The amuse-gueule was a gelée de chorizo.

This was interesting for being unusual. The spicy chorizo (a Spanish sausage) flavor came through, but was not overwhelming. I did not hear what the raft of garnishes in front were; they were pretty without adding much.

The first course was
Foie Gras de Canard Fumé à la Pomme et Calvados

The two blocs of smoked duck foie gras terrine were topped with Calvados gelée. The apple strips came in various shapes; the bottom ones seemed to have been marinated in Calvados. This course was well prepared and enjoyable, but seemed quite ordinary for a restaurant in this category.

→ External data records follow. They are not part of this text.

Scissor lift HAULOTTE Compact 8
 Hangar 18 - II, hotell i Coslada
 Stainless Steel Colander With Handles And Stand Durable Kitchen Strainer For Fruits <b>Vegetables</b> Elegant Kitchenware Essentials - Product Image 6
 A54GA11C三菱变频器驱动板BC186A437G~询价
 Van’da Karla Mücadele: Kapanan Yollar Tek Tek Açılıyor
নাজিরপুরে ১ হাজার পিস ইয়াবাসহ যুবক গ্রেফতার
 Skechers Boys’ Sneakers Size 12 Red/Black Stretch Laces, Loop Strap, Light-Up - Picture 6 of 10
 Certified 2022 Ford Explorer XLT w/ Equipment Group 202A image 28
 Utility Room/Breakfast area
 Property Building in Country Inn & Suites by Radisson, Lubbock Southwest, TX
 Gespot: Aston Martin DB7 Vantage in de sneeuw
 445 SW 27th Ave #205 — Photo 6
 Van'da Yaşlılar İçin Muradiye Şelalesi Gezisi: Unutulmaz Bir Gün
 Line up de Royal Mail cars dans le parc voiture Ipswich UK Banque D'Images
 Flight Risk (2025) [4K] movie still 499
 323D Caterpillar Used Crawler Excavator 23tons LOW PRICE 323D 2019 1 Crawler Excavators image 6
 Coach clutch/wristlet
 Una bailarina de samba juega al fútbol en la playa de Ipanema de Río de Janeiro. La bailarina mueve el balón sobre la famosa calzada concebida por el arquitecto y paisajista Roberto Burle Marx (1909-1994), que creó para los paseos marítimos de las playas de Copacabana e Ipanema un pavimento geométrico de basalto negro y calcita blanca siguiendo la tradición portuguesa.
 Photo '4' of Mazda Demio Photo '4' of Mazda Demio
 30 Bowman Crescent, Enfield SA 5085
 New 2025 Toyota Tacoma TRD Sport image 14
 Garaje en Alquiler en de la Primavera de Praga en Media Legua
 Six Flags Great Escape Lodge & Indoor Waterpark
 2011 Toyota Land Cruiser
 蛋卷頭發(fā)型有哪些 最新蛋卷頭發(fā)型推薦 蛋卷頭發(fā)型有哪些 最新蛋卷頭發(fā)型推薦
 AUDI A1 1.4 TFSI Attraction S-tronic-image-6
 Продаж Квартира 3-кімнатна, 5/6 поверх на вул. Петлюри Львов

Tortellini de Fromages Transalpins à la Langouste

I am sceptical of mixing seafood and cheese, but was willing to have this talented chef show us how to do it. The Italian cheeses inside the tortelloni and grated into the birds nest didn’t have much a presence, leaving the dish to be dominated by the excellent shellfish reduction sauce and the three medallions of spiny lobster.

Cube de Turbot à la Marinière, Méli-Mélo de Coquillages

The green circles were a cucumber reduction gel. The sauce had small clams and sea snails in cucumber juice. Above were black squid ink gnocchi and a tempura shrimp. 

Platinium Pêche Melba

On top of the cake base was a swirl of white chocolate, a peach sorbet roll and a bit of silver foil. 

Les Délices des Anges


These mignardises were all very good, particularly the cold cubes of dark chocolate served on ice cubes.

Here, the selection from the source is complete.